Nutzen können Verbraucher den Dienst auf fast allen erdenklichen Geräten, denn streamen können User unter anderem auf dem PC, Laptop, Mac, Android- und iOS-Geräten, unterschiedlichen Smart TVs, auf der PlayStation 4 und der Xbox One sowie mit Streaming-Lösungen wie Amazon Fire TV, Apple TV (ab der 4. Generation) und Googles Chromecast. Eine 4K-Auflösung und HDR können auf geeigneten Geräten ebenfalls genutzt werden.

Das kostet das Ganze

Wer sich für ein Abo entscheidet, muss einen Betrag von monatlich knapp sieben oder jährlich rund 70 Euro bezahlen. Im ersten Jahr bezahlen Nutzer allerdings einmalig nur 60 Euro, wenn sie noch bis zum heutigen 23. März vorbestellen. Auch eine kostenlose Probephase von sieben Tagen wird es geben. Dies gilt jedoch nicht für das Frühbucherangebot, bei dem die Testphase entfällt.

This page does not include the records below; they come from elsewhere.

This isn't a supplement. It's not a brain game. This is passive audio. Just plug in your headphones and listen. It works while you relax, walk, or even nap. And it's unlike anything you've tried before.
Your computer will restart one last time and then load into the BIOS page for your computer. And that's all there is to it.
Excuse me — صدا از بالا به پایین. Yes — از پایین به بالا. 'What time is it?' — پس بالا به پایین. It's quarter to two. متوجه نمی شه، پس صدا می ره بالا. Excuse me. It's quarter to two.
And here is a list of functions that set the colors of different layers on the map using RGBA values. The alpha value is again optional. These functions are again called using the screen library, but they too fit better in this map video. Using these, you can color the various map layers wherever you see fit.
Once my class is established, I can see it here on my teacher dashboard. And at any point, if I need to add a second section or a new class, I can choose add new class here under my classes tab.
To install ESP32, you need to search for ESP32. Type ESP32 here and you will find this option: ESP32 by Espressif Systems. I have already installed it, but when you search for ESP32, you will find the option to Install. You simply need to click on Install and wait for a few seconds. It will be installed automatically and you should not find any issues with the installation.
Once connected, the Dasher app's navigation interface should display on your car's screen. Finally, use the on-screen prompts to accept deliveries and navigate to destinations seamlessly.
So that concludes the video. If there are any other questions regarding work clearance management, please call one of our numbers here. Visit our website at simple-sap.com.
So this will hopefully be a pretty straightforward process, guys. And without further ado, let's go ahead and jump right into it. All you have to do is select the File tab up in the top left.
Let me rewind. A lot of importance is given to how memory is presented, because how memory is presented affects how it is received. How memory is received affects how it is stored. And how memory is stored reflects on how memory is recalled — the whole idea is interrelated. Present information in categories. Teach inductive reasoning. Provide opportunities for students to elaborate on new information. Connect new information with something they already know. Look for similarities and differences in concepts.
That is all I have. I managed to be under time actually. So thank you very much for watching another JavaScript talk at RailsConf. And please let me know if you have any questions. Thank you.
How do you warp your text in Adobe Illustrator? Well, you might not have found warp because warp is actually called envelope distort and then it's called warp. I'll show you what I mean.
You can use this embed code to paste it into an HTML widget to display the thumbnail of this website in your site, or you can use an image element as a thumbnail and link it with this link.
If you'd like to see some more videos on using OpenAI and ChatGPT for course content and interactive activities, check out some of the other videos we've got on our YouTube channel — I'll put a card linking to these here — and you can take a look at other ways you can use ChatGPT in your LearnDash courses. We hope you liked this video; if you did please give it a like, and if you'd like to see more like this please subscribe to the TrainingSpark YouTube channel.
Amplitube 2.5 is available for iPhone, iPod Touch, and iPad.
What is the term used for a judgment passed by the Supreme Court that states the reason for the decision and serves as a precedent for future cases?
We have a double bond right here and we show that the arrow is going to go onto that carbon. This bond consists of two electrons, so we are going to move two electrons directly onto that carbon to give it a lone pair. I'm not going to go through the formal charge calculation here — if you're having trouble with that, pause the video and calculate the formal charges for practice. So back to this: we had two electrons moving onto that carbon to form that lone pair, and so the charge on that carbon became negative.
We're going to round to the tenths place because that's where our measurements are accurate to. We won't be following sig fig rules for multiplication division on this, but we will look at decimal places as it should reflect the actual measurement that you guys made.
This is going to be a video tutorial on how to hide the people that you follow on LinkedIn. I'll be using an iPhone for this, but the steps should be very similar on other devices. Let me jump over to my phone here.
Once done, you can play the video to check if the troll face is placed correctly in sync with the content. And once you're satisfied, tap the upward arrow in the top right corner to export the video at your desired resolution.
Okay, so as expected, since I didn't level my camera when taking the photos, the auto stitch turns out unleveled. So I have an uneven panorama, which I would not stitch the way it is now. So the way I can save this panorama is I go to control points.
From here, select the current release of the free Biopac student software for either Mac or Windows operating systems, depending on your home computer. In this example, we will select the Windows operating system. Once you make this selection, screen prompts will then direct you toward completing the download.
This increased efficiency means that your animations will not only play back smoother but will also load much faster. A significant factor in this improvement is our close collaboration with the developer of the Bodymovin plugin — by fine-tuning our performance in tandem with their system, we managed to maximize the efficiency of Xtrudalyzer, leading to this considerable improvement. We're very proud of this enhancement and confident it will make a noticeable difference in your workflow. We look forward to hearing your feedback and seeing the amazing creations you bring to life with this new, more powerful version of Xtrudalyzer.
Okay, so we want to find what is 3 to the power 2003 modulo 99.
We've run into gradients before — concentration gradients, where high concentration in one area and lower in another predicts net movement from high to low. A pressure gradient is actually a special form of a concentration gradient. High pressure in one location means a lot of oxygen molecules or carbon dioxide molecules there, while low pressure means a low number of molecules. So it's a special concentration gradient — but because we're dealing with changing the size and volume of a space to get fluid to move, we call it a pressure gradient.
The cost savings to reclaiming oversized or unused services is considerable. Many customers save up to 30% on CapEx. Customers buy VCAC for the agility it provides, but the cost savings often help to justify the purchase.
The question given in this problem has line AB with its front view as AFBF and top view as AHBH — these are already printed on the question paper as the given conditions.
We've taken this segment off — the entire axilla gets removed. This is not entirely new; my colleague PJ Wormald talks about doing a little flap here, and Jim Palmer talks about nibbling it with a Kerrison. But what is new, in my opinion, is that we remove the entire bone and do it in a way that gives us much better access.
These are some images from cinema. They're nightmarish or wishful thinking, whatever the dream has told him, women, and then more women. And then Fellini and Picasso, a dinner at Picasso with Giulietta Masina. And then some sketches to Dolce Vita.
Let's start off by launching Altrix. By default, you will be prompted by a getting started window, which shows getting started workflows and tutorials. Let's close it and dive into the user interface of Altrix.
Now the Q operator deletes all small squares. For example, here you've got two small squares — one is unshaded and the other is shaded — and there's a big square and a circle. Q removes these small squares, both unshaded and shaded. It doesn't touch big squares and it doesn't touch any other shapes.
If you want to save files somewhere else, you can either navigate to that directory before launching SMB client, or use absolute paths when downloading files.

Deutsche Verbraucher haben übrigens Glück: Während in Frankreich der Starttermin auf Bitten der Regierung verschoben wird, bleibt es hier beim 24. März. Trotzdem müssen User angesichts der Corona-Krise Einschränkungen in Kauf nehmen. Vorerst wird es Disney+ nur mit reduzierter Bitrate geben, um das Netz zu entlasten. Dadurch leidet die Bildqualität etwas. Diesen Schritt sind Konkurrenten wie Amazon und Netflix bereits in den vergangenen Tagen gegangen.